At the point of attack has been the Marinette County Tourism Alliance, an organization that has been around a long time and has done some good things for the rural areas where tourism is productive when it comes to an economic lift. There’s no question that Marinette County has an abundant of natural resources that it can offer visitors who prefer this type of recreation and entertainment.

The county has historical museums, picturesque waterfalls, fishing, hunting, camping, breathtaking forests where tranquility hushes the noise usually found in larger recreational offerings. The county fair is always a good place to find something likable for everyone. The stunt water acts are special. The county has much more, of course, and it’s all in their marketing brochures for the four seasons county residents like to brag about.

A move to eliminate the Marinette County Tourism Alliance Committee failed 15-14 at the February meeting of the county board. We’re sure we haven’t heard the last word on this issue. It’s likely to reappear after the Bay Lakes Regional Planning Commission submits a strategic plan related to the role the county should assume in promoting and conducting economic development. According to County Administrator John Lefebvre, The Bay Lakes group is looking into the county’s present way of handling economic development. An outside consulting firm is expected to be retained to review the information collected in the Bay Lakes study.
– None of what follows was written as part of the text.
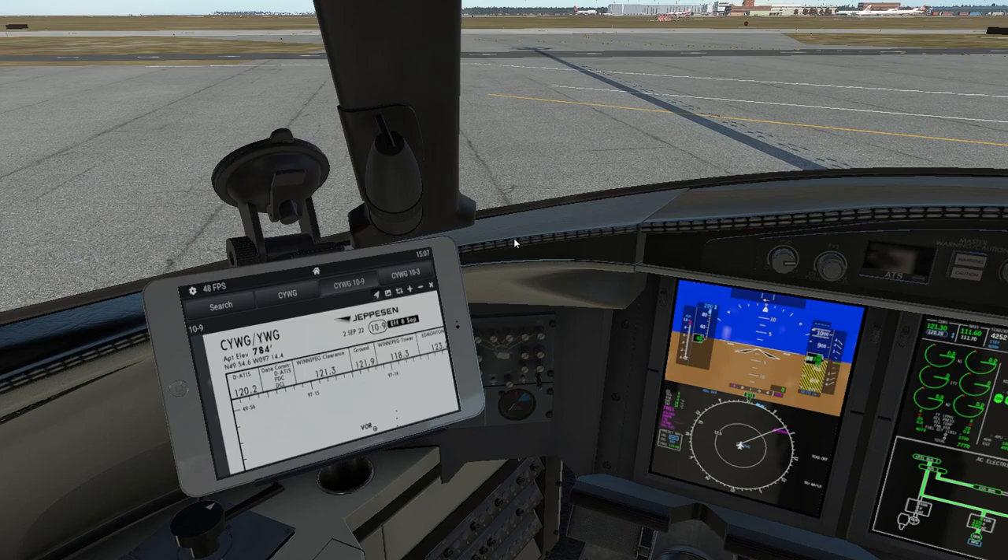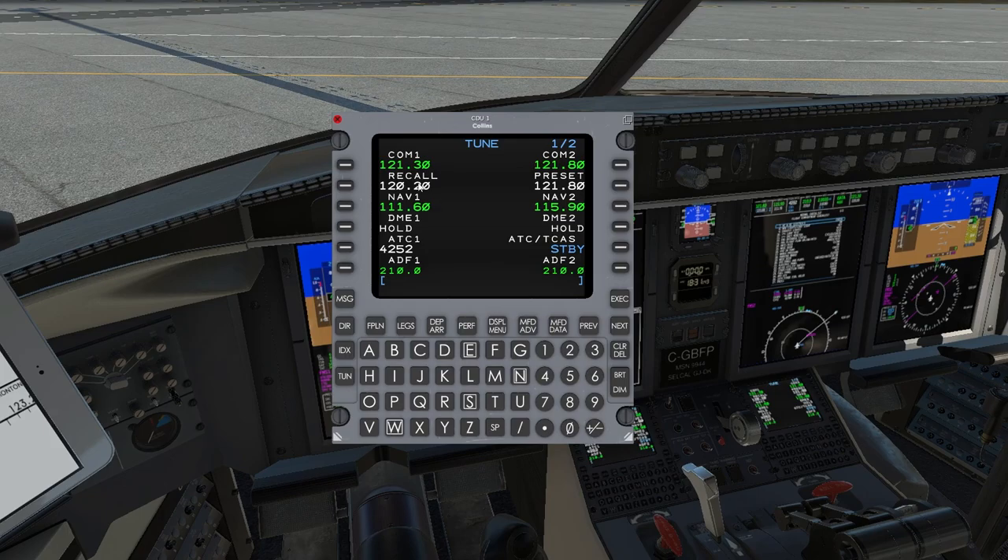So with 120.2 we're going to grab that and put it into our comm, and have our pen and paper ready to copy the ATIS we're about to hear. Winnipeg International Information Uniform, 1815 Zulu. Arriving Runway 18, Departing Runway 18. Weather: wind light and variable, visibility more than 10 miles. Sky conditions few at 25,000. Temperature 13, dew point 2.0, altimeter 3001. Advise on initial contact you have information Uniform.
The county has contracted with the City of Marinette for tourism promotion and marketing services, which likely sparked the drive to eliminate the Tourism Alliance Committee. The latter is an advisory unit, which sometimes had trouble in mustering a quorum for meetings.

Supervisor Ginger Deschaine, who represents the Crivitz area where tourism is important to the area’s economic base, said the Tourism Alliance is needed until an alternate plan for promoting tourism is put forth. She claimed the county administrator is more interested in tourism in Marinette and Peshtigo than he is in other parts of the county. She acknowledged the Tourism Alliance doesn’t do much because it has been stripped of much of its life “but at least their conversation is ongoing. At least they are talking about tourism.’’

Supervisor Shirley Kaufman, whose district embraces the City of Marinette, said she was surprised to see a resolution calling for the elimination of the Tourism Alliance, a committee she once served on. She insisted an advisory group is needed to speak out for the rural areas because it brings in different ideas.

The dialogue on the future of the Tourism Alliance has been feverish, but yet refreshing. It’s not unusual to see supervisors from the rural districts become dissatisfied when they feel they are not getting a fair shake. A similar dissent occurred in neighboring counties as well. It’s good to see them stand up and argue for their constituents.

In the meantime, we should sit back and wait for the Bay Lakes Regional Planning report, and what the consulting specialists have to say. There will be plenty of time for more debate on this hot topic.